Early life and education
De Bané was born in Haifa, Palestine. His family then immigrated to Canada in 1947 to escape the looming war, and settled in Quebec. De Bané studied at Séminaire Saint-Joseph de Trois-Rivières, Collège Saint-Alexandre, University of Quebec and from law at Laval University.

Political career
He was first elected to the House of Commons of Canada in the 1968 general election, and served as a Member of Parliament for sixteen years.

In 1978, Prime Minister Pierre Trudeau appointed De Bané to the Canadian Cabinet as the Minister of Supply and Services. He joined the opposition bench when the Liberals lost the 1979 election, but was reappointed to the Cabinet as the Minister of Regional Economic Expansion when the Liberals returned to power in 1980 election.

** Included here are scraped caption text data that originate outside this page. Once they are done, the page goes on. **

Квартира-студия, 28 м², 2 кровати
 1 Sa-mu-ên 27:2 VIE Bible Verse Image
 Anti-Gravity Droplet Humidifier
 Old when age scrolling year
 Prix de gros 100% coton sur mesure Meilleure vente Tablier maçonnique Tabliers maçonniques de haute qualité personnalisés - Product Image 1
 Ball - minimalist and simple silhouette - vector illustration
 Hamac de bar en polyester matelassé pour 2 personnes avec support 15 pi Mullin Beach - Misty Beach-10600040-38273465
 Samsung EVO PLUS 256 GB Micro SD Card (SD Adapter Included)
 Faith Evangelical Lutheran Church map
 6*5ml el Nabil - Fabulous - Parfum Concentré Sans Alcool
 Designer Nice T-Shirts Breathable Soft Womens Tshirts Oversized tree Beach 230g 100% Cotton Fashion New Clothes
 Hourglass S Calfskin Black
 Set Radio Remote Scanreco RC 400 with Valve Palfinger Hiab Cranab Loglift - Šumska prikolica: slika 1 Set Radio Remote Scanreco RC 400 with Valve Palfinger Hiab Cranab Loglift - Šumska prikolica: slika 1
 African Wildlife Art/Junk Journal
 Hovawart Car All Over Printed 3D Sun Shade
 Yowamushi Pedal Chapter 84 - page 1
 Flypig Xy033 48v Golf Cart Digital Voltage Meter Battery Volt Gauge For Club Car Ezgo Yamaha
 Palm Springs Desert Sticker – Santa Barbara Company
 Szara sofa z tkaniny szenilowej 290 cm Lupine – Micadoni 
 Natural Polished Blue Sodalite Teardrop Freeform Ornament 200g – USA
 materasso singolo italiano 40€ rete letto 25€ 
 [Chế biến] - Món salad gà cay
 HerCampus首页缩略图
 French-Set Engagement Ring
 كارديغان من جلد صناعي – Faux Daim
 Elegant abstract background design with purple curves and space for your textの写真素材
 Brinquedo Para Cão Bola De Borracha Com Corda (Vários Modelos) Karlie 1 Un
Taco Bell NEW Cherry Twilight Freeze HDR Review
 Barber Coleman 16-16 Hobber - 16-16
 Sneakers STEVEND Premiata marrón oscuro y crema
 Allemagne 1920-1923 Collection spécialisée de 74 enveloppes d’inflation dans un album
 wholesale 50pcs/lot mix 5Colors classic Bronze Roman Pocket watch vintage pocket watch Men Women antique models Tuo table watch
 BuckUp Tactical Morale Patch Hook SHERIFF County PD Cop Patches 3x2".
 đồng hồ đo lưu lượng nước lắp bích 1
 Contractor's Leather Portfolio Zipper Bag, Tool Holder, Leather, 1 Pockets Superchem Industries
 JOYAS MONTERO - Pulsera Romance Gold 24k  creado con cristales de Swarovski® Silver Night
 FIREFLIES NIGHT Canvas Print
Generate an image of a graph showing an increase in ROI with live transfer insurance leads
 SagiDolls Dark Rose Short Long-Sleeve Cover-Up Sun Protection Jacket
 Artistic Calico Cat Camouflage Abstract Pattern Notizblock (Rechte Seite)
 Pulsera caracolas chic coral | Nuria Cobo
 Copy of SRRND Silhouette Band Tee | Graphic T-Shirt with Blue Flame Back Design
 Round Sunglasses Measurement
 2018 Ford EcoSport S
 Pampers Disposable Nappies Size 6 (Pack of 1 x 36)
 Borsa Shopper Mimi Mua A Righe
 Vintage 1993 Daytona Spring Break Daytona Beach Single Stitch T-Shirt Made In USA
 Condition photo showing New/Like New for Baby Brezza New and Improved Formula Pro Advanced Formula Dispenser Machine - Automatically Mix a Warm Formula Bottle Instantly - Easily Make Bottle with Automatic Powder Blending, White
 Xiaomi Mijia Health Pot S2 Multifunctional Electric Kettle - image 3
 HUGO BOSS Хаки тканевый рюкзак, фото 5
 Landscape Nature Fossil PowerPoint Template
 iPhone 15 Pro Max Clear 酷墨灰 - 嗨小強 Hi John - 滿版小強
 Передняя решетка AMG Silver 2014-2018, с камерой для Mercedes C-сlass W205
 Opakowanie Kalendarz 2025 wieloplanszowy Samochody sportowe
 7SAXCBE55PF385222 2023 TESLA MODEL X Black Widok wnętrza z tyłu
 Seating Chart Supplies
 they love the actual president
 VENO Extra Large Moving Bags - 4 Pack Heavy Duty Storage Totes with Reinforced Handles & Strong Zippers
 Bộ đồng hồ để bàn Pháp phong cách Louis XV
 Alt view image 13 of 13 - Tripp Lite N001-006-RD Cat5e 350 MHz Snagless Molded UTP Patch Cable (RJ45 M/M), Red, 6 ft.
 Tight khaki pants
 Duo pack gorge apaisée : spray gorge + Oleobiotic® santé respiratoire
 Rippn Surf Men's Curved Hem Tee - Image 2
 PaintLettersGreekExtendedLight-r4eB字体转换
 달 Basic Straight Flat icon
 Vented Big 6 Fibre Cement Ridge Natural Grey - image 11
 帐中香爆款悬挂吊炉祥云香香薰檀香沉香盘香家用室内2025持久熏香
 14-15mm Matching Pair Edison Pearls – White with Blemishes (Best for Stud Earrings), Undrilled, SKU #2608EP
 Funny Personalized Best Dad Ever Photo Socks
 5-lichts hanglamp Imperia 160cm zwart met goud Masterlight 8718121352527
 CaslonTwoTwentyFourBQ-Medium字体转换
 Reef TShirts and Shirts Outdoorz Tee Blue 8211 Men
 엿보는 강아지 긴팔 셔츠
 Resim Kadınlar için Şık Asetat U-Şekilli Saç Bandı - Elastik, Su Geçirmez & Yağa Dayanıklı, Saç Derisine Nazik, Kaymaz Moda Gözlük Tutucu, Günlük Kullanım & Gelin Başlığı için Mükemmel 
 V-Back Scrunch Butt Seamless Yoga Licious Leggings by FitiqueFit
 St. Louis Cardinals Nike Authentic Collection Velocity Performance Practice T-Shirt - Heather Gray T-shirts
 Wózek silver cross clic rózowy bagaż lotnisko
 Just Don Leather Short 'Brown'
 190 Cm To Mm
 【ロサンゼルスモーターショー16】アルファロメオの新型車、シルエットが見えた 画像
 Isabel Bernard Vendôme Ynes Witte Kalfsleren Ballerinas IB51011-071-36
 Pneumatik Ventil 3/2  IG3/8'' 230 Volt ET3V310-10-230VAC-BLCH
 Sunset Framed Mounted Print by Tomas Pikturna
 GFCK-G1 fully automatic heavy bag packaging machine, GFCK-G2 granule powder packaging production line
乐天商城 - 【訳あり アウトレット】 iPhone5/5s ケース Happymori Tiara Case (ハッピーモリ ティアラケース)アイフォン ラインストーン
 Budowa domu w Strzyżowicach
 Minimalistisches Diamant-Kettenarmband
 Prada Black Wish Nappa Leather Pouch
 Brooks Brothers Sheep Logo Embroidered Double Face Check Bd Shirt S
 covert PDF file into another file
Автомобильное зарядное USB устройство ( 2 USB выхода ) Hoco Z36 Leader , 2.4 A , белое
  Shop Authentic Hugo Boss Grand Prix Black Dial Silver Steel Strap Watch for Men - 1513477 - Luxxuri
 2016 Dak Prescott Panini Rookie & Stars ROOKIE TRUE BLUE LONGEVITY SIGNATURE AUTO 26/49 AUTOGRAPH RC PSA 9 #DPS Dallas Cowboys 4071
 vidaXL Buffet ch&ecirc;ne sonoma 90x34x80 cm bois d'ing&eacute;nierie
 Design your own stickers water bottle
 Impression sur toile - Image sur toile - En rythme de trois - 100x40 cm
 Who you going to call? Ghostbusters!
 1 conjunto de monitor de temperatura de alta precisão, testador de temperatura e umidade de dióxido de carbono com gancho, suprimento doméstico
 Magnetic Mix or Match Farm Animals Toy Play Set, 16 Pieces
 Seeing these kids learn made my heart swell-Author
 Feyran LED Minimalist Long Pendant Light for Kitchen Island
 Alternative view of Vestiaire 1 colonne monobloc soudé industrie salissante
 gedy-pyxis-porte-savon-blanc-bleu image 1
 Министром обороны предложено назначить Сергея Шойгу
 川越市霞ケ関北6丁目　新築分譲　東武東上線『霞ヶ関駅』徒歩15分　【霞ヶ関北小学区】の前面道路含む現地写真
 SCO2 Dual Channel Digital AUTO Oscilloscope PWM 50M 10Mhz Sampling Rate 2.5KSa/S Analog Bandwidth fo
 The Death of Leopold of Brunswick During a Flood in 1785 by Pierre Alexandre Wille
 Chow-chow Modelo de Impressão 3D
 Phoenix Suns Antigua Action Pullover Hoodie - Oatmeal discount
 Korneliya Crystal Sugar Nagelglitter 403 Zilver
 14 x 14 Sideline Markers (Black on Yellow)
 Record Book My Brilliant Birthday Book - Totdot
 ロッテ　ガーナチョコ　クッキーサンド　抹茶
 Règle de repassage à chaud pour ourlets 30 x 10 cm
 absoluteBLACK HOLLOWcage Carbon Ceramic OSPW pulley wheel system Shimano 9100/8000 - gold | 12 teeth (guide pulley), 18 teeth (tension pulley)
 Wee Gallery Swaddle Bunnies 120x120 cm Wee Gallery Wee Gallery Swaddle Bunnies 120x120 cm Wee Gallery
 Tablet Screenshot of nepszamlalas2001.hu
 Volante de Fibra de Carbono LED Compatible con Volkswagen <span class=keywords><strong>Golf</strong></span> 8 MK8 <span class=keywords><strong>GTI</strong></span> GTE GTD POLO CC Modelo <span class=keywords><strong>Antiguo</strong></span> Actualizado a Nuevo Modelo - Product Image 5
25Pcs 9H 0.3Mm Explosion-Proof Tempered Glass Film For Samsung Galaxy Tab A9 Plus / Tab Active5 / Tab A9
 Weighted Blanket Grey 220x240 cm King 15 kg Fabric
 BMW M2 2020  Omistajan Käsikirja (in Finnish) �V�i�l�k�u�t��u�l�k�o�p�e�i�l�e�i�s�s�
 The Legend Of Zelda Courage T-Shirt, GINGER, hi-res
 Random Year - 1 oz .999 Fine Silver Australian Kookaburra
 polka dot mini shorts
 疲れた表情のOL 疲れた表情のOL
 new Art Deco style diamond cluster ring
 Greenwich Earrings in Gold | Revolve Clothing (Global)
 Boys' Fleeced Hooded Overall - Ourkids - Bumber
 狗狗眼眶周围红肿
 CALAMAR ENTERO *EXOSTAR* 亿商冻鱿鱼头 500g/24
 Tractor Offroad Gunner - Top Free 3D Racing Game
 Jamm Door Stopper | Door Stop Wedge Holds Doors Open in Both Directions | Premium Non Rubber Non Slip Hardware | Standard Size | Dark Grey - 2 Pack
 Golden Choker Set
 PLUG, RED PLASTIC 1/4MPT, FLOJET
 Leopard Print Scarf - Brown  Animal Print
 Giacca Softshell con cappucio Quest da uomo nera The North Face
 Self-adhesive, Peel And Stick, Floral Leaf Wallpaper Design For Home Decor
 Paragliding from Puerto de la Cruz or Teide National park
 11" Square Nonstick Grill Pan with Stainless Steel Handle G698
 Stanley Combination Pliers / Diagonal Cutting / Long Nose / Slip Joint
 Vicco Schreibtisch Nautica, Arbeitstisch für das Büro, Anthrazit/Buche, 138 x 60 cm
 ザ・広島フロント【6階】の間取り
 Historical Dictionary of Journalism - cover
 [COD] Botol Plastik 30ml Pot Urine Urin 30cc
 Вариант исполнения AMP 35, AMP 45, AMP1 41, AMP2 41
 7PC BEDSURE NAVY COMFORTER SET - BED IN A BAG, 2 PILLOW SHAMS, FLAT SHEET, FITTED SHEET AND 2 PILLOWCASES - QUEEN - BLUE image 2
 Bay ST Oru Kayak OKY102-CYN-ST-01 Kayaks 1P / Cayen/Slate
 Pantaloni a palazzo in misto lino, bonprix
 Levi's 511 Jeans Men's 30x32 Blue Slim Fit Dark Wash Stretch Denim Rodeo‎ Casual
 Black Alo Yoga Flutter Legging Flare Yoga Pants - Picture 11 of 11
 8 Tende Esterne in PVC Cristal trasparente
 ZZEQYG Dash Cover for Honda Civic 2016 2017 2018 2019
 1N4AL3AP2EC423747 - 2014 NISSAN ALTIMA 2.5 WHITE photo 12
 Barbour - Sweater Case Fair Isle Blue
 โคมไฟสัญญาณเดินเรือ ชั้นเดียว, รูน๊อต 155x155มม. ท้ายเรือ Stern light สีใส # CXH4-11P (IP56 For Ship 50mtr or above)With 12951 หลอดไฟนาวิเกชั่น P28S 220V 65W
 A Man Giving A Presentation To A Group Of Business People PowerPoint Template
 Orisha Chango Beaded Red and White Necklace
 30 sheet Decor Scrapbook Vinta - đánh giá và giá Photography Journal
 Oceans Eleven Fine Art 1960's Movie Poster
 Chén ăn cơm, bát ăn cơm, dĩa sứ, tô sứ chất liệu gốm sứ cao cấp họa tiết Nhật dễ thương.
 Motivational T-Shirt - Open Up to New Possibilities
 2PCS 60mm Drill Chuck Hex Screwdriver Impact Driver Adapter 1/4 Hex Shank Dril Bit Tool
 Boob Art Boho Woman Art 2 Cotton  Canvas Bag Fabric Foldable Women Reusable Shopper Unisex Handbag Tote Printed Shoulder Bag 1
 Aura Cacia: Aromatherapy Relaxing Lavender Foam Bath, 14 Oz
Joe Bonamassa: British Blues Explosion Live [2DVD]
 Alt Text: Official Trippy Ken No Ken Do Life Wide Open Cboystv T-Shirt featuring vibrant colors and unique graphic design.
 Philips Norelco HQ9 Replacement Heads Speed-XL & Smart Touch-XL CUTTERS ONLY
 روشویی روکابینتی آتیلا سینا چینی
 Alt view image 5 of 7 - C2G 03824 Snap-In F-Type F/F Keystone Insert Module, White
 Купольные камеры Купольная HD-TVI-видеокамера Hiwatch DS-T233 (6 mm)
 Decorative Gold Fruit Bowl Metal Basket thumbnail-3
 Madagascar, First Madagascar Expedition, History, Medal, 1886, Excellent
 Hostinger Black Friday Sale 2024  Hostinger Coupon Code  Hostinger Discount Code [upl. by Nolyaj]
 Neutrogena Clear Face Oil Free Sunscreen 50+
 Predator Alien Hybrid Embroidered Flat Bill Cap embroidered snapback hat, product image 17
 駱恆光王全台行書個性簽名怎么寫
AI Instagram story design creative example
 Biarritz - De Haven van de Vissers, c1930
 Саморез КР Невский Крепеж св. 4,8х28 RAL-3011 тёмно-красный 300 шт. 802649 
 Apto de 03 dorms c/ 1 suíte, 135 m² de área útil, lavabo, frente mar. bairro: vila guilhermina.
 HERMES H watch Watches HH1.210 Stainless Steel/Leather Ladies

In 1982, De Bané became Minister of State for External Relations and, eight months later, he became the Minister of Fisheries and Oceans. De Bané was named to the Senate by Trudeau days before he retired as Prime Minister.

De Bané was active on numerous Senate committees, particularly those dealing with fisheries, foreign affairs, and legal affairs and was also active in public life on the issue of Palestinian refugees.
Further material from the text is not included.